● LISTED RECORDS:
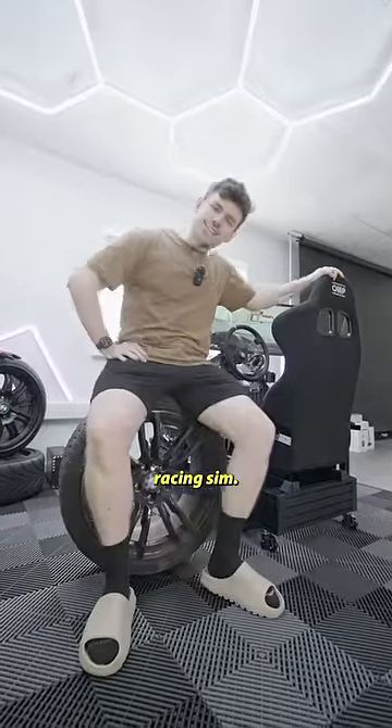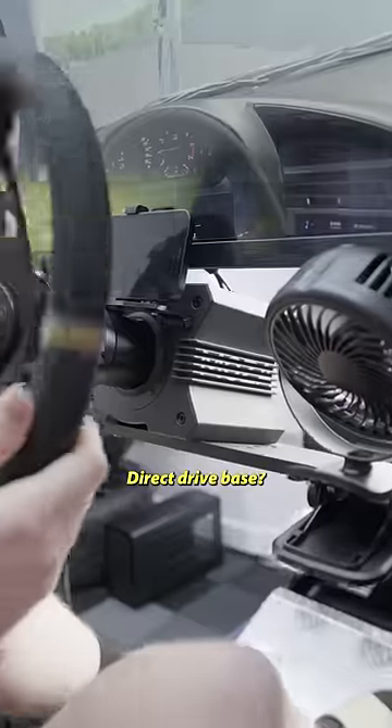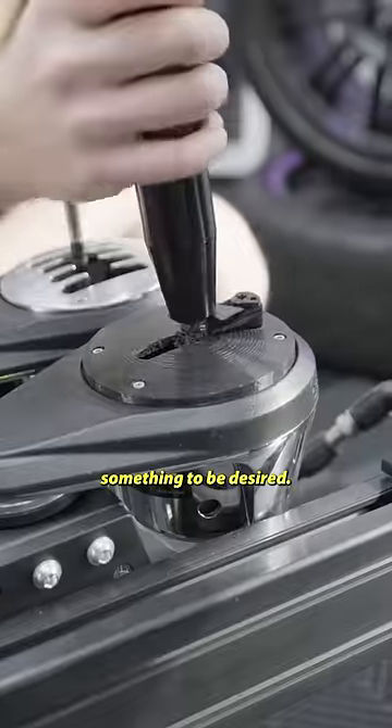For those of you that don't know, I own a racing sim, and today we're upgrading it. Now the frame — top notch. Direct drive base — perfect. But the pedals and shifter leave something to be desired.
---
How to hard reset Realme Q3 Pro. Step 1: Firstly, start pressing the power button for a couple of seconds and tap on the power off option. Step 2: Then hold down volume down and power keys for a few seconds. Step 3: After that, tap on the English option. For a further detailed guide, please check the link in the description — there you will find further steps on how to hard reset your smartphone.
...
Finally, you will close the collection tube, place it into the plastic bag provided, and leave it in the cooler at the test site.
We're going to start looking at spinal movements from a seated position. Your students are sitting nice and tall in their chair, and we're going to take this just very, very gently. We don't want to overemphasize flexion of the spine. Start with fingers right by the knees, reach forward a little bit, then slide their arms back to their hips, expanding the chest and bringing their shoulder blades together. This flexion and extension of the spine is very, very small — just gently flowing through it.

● DIRECTIONS FOR THIS TASK:
Look at the entries above. Say how many lines have the word "will", and give only the number.

● SOLUTION:
2